Thursday, February 3, 2011

Assignment 5-1

As a mom of three children ages 16, 12 and 10, I have a rising concern of the texting that may occur between them and their friends. It seems that they become more and more disconnected from talking to people face to face.  This is something that will affect them as they get older and will need to communicate with others in the real world of employment and college.  My twelve year old son will even send messages to his grandparents, which they don’t mind. They are happy that he is keeping in touch with them. My opinion, I think he just needs to visit with them longer and talk face to face more. Young people rely too much on texting to communicate with people.
I believe that this will be a problem with communicating with others when they are in a situation where they have to talk. I have gone over this with my oldest son; he has been searching for a part time job and at times has a hard time keeping eye contact with someone interviewing him. He is used to relying on the phone, not face to face contact. I think we have all heard the horrible stories of people breaking up through texting, or saying terrible things. Some kids get bold and will be sexually suggestive and send a message to another person that they would never say to their face.
Research reported by The American Public Health Association finds that hyper-texters (more than 120 messages a day) are twice as likely as others to have tried alcohol, and more than three times more likely to have had sex (LaRue Huget, 2010). It does not show that every kid that texts will have problems, but it does suggest that kids that text excessively are more likely to try risky behaviors than those who text less. Of course it depends on who they are texting; their choice of friends is the most important thing (LaRue Huget, 2010).
It is not a big deal to young people; this is just how they communicate. I tell my kids there are three things to remember before sending something that might be offensive. One, they always need to put themselves in the other persons place and think about what that would feel like.
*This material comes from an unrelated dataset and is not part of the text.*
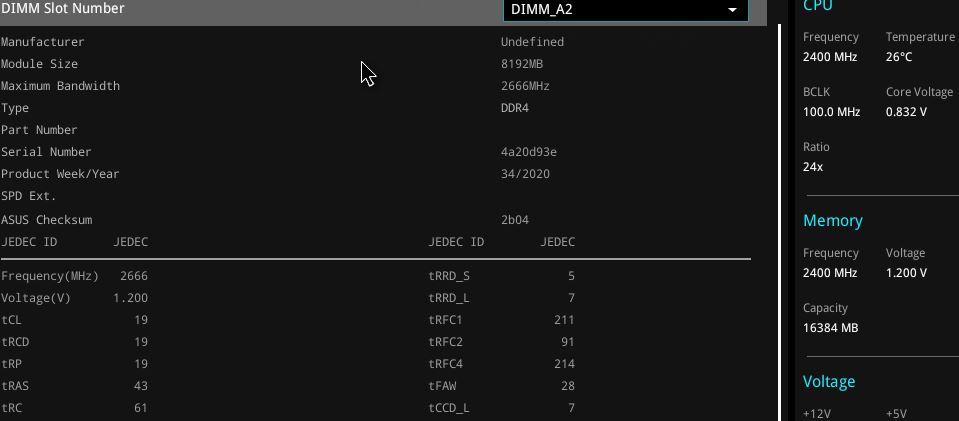 dimm a2 single.JPG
Second, they need to ask themselves if this is something they would say to that persons face? If not, don’t do it. Last, is this something that you would be ashamed of if I or their grandparents read? If so, don’t do it. Nothing is worth the possible consequences of these words that can’t ever be taken back.

References
LaRue-Huget, J. (2010). Hyper-texting teens troubling behaviors.  The Washington Post. Retrieved January 30, 2011, from http://voices.washingtonpost.com/checkup/2010/11/hyper-texting_teens_in_trouble.html.

1 comment:

  1. Hi Brenna,

    Great post and I could not agree with you more. I too have the fear that kids today are loosing the art of face-to-face communication. If it is not texting, then it is Facebook. Not that there are anything wrong with those forms of communication, but too much of it can be detrimental. I use texting when I need to get a quick message to someone and I know they cannot talk, my daughter for example when she is at work. In addition, so much of the meaning in the conversation is lost because through texting and other electronic means, facial expressions and voice tone are not part of the conversation. And you are right; it is much easier to be bold when you are not face-to-face.